PROMPT – Restate the listing below word for word; no picture is to be carried over.

RECORDED INFORMATION –
○ ○ ○

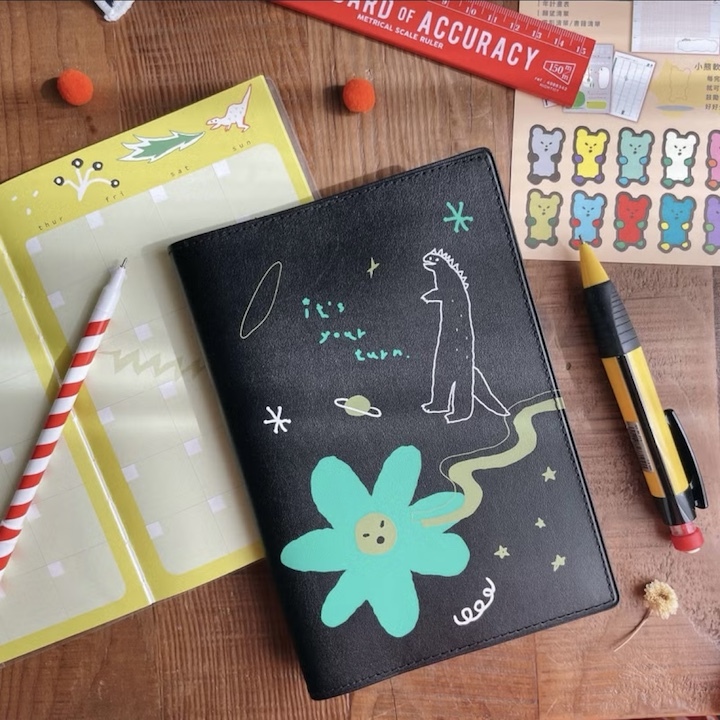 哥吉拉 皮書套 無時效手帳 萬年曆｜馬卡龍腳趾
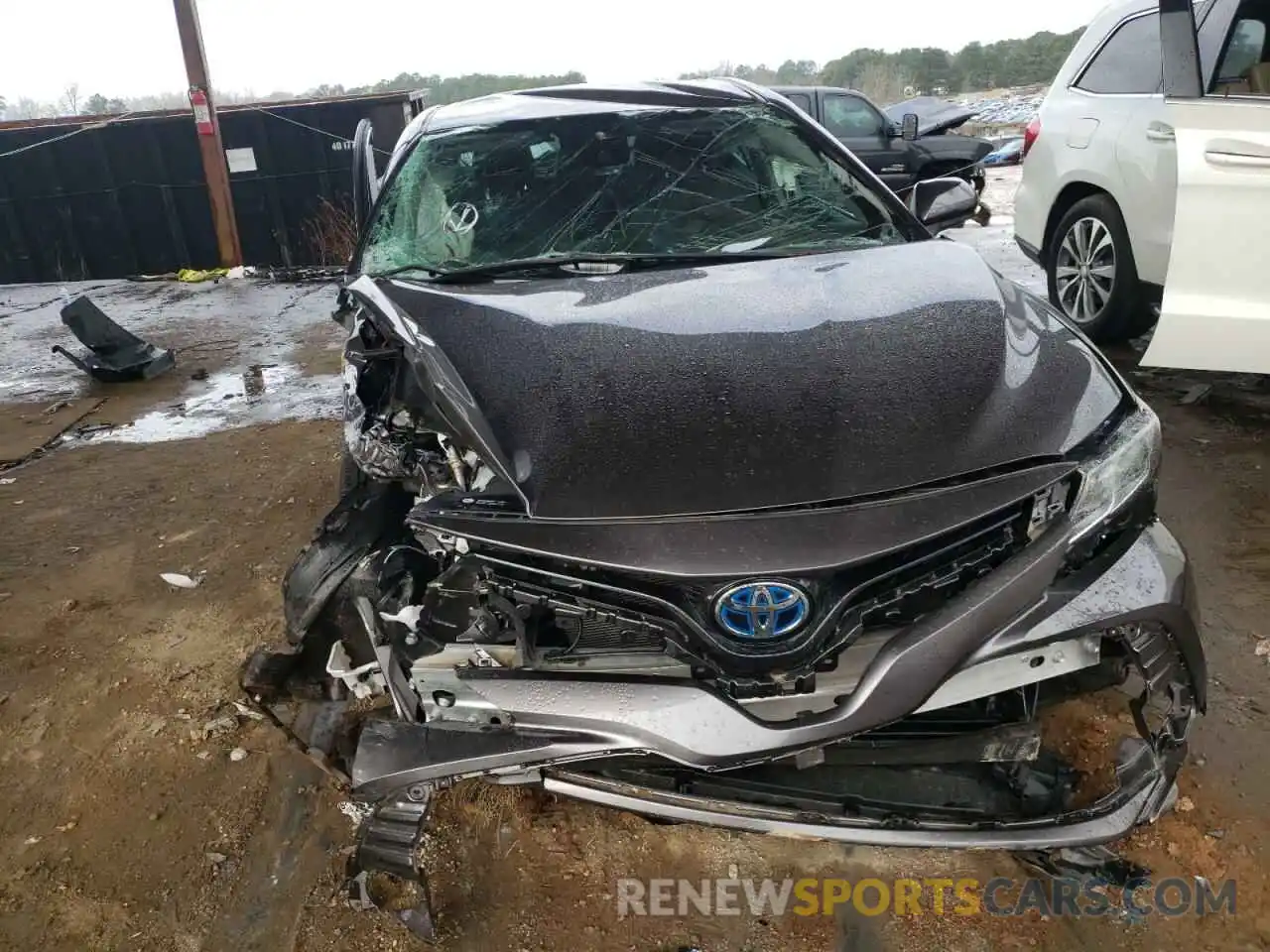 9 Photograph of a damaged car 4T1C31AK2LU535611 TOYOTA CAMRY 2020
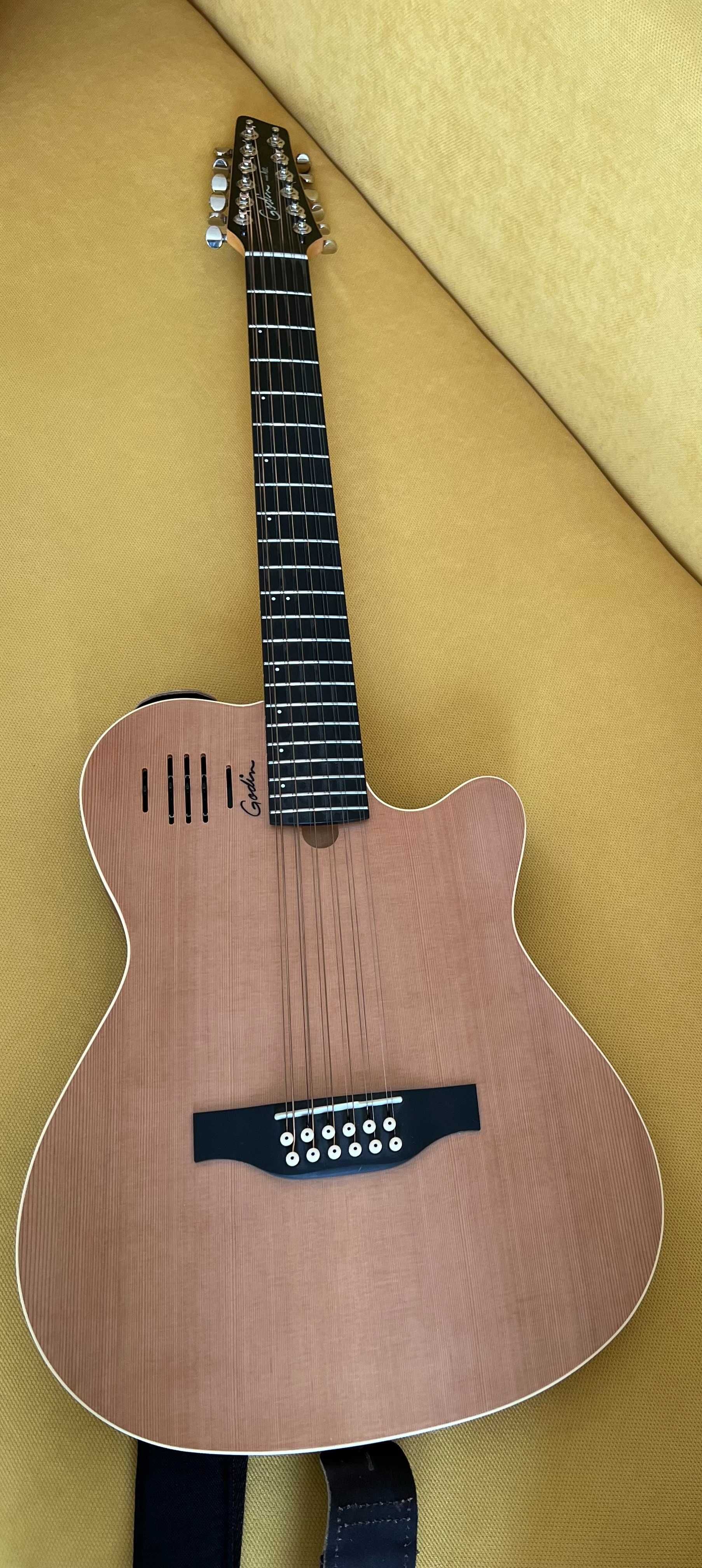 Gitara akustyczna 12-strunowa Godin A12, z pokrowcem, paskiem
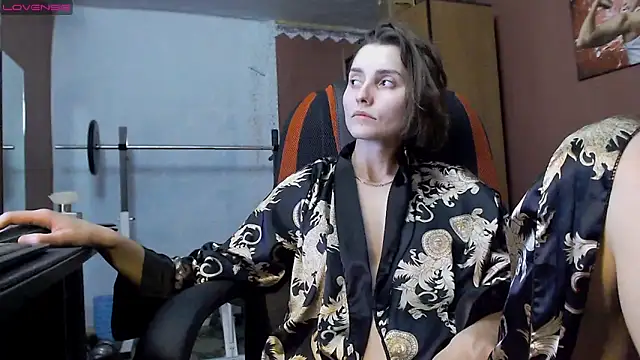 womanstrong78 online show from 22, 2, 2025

○ ○ ○

TASK ANSWER –
 哥吉拉 皮書套 無時效手帳 萬年曆｜馬卡龍腳趾
 9 Photograph of a damaged car 4T1C31AK2LU535611 TOYOTA CAMRY 2020
 Gitara akustyczna 12-strunowa Godin A12, z pokrowcem, paskiem
 womanstrong78 online show from 22, 2, 2025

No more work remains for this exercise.